Luis Ferreira

Luis Ferreira

As golas do enforcamento

Normalmente quando alguém se quer enforcar, não compra qualquer tipo de golas e nem sei sequer se as há para esse efeito. Possivelmente não há. O método de enforcamento é completamente diferente e também ninguém vai pedir instruções seja a quem for, para se enforcar. Quando alguém quer cometer esse tipo de atrocidade individual, fá-lo sozinho e em completo silêncio. Só os condenados à morte por crimes cometidos subiam ao cadafalso perante a multidão silenciosa e estupefacta, que assistia quase incrédula, à execução do criminoso a quem colocavam previamente, uma grossa corda à volta do pescoço.

Podemos dizer então que havia dois tipos de enforcamento: um por crime e outro por iniciativa própria. Infelizmente, este último ainda subsiste em grande escala, mesmo em Portugal e com alguma preponderância no Alentejo. Talvez a cobardia esteja na base de tal iniciativa. A fuga a responsabilidades e o medo de encarar consequências, leva a este tipo de atitudes inqualificáveis e desnecessárias.

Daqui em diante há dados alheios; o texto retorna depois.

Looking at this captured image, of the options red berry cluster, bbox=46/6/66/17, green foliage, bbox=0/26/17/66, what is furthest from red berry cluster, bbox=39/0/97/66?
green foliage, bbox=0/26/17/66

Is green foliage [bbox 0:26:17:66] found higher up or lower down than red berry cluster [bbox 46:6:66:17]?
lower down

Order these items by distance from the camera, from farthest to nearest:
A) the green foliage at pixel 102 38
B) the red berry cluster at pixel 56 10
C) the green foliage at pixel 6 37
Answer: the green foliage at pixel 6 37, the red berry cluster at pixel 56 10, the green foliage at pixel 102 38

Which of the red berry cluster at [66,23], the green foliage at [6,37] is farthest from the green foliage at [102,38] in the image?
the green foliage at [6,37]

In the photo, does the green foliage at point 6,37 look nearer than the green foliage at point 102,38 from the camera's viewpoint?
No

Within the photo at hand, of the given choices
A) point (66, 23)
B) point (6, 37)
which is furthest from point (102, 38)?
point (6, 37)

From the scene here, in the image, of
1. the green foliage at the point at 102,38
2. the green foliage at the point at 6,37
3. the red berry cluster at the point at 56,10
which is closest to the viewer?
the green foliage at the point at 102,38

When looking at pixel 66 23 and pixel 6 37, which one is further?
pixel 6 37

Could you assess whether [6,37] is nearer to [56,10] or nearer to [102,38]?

Mas a verdade é que há casos em que não sendo a cobardia a mover situações destas, elas acontecem quase sem querer ou sem se esperar e até sem se saber quem vai sofrer as consequências ou ser enforcado. E que motivos estarão na base de tal castigo.

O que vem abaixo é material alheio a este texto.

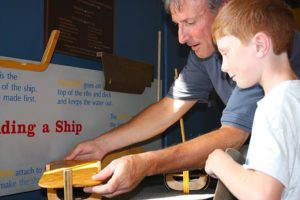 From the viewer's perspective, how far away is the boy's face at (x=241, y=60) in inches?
37.3

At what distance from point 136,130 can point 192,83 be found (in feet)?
0.99

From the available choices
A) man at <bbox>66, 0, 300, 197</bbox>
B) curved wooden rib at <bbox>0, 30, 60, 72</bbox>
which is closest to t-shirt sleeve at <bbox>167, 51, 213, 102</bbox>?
man at <bbox>66, 0, 300, 197</bbox>

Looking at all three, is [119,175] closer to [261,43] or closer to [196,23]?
[261,43]

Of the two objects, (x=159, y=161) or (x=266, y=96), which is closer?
(x=266, y=96)

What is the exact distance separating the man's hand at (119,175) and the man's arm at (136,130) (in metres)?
0.41

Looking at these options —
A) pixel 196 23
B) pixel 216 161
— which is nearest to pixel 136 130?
pixel 196 23

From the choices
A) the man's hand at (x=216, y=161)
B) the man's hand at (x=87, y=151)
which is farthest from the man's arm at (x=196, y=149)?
the man's hand at (x=87, y=151)

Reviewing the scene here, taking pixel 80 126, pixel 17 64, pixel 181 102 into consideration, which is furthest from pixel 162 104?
pixel 17 64

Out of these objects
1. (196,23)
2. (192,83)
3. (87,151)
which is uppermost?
(196,23)

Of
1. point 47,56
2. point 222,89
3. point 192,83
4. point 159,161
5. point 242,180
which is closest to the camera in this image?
point 242,180

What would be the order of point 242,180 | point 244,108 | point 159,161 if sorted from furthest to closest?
point 244,108
point 159,161
point 242,180

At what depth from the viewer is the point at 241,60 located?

Ficámos bastante admirados quando no início da época dos incêndios surgiram notícias a referir a aquisição por parte do governo, de golas antifumo ou antiígnias ou anti qualquer coisa, que as pessoas deveriam colocar no pescoço para evitar morrerem asfixiadas ou mesmo queimadas e que foram distribuídas pela população mais em risco de enfrentar situações em presença de incêndios. Lembramo-nos bem do que então se divulgou e da importância que isso teria para as populações. O governo enalteceu a sua própria ação que seria de louvar se por trás dela não houvessem rabos-de-palha para atiçar mais os incêndios no futuro.

As investigações que se seguiram sobre o processo de aquisição dessas golas antifumo que foram financiadas pela União Europeia em cerca de dois milhões de euros, levaram à descoberta de um contrato de três milhões de euros onde os intervenientes estavam comprometidos, de alguma forma, com elementos do governo, indiciando atos ilícitos e favorecimento em negócio por quem não deveria. Suspeita de crime, logo castigo dos criminosos.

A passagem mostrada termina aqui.